Compie 39 anni oggi il miglior marcatore e assistman di sempre nella storia dei Miami Heat, il tre volte campione Nba Dwyane Wade.
In principio fu Flash. Un suono, un’immagine che più di tutte evoca la velocità, la rapidità con cui Wade fulminava gli avversari, lasciandoli sul posto. Un soprannome che lo stesso Dwyane non ha mai amato particolarmente, tuttavia perfettamente calzante per il tipo di giocatore che è stato. Una guardia tiratrice che faceva del dinamismo e dell’esplosività le sue doti migliori, oltre a una grande efficacia al ferro che gli ha consentito di mantenere una media intorno ai 20 punti a partita per tutto l’arco della sua carriera. La sua storia inizia in maniera difficile, per usare un eufemismo: nato nella South Side di Chicago, zona nota per il proliferare della microcriminalità e della violenza tipica delle gang da strada, Wade ha solo quattro mesi quando i suoi genitori si separano. I primi anni di vita li vive con la madre, la quale però, entrata nella spirale della droga, è spesso in prigione, non riuscendo a dare una prospettiva ai suoi figli. La sorella Tragil , fondamentale per la crescita del ragazzo, lo inizia a una nuova vita insieme al padre e alla matrigna, all’età di nove anni. Wade si dedica allo sport, al football e al basket, allenandosi con grande impegno e disciplina, in un periodo in cui Chicago era il centro del basket mondiale, visti i successi dei Bulls di Jordan. Arrivato al college, iniziò a farsi un nome, tanto che il secondo anno fu inserito nel quintetto ideale All-American. Era il momento del grande passo, e nel 2003, in uno dei draft più ricchi di talento della storia, Wade venne scelto da Miami con la quinta scelta, dopo fenomeni come Lebron James, Carmelo Anthony e Chris Bosh. Già il primo anno guadagna l’attenzione di tutti, il suo è un vero e proprio debutto col botto, dato che riesce a portare la franchigia della Florida grazie ai suoi 16 punti a partita di media, venendo inserito anche nel First Team dei Rookie a fine stagione.
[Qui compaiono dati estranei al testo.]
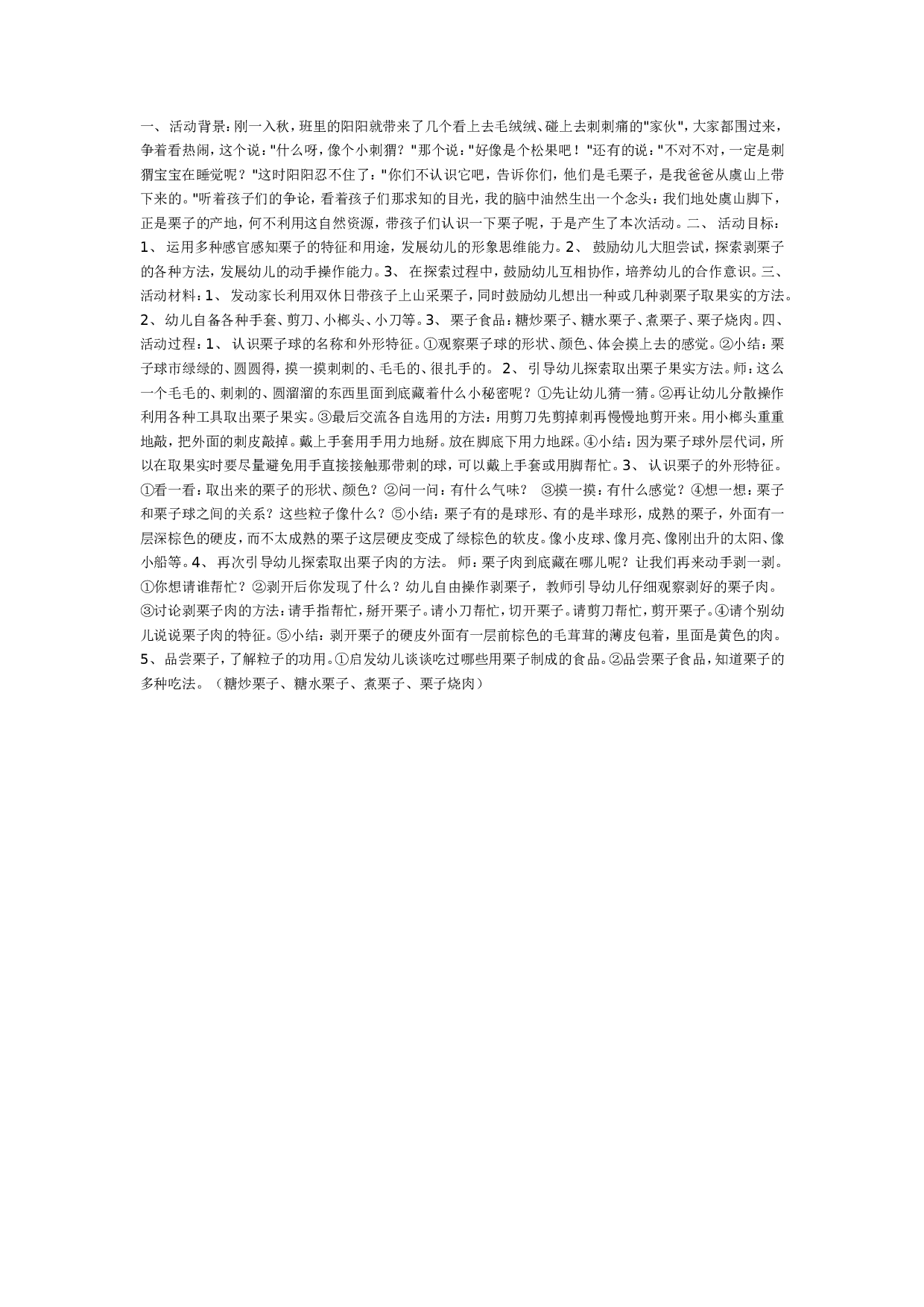 幼儿园中班科学：好吃的栗子.doc 第1页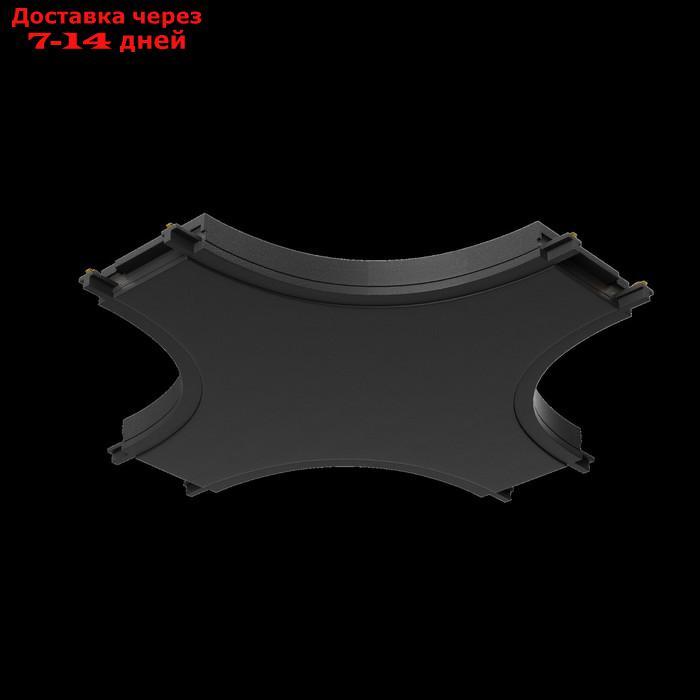Коннектор питания X-образный для накладной трековой системы Technical TRA084CX-11B, 11х11х0,7 см, цвет чёрный - фото 6 - id-p226919457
L’arrivo di Shaquille O’Neal, il più forte centro della lega, cambia la sua storia e quella di Miami. Anzitutto fu Shaq a soprannominarlo Flash, e dopotutto i due dimostrarono una grande chimica in campo, grazie al quale gli Heat arrivarono fino alle finali di Conference, dove vennero eliminati dai Pistons. Era solo questione di tempo: nel 2005-2006 Wade fece una stagione straordinaria, e in coppia con O’Neal riuscì a portare il primo titolo in Florida, grazie al 4-2 nella serie finale contro i Dallas Mavericks, in cui Dwyane vinse il titolo di Mvp. Seguirono anni di transizione per gli Heat, in cui la squadra uscì sempre al primo turno dei playoff, mentre Wade era diventato a tutti gli effetti l’uomo-franchigia, essendo anche il miglior marcatore Nba nel 2009 con 30,2 punti di media. Nel 2010 arrivarono agli Heat Lebron James e Chris Bosh, e i Big Three dominarono la lega. Calarono le medie di Wade, ma quattro Finals di fila, di cui due vinte, valgono bene il sacrificio. Diventato tre volte campione della lega, Wade lascia Miami nel 2016, dopo 13 anni, solo per andare ai Bulls, una scelta di cuore. Il figlio di Chicago finalmente vestiva la maglia dei tori, e per quanto questa parentesi sia durata solo un anno, è stata comunque un’esperienza positiva quella con la squadra dell’Illinois. Dopo un altro singolo anno ai Cleveland Cavaliers, di nuovo in coppia con Lebron James, le ultime due stagioni della sua carriera Wade le ha vissute di nuovo in maglia Heat, ritornando nella squadra che gli ha dato tutto a livello cestistico e non solo. Chiaramente non è più titolare e non ha più l’esplosività di una volta, ma Dwyane dà comunque un grosso contributo, chiudendo la sua ultima da pro’ con 15 punti di media dalla panchina e con una tripla doppia nella sua ultima partita, giocata il 10 aprile 2019 contro i Brooklyn Nets, prima di ritirarsi definitivamente a 37 anni. Dwyane Wade, dal nulla al tetto del mondo, un’altra meravigliosa storia della palla a spicchi.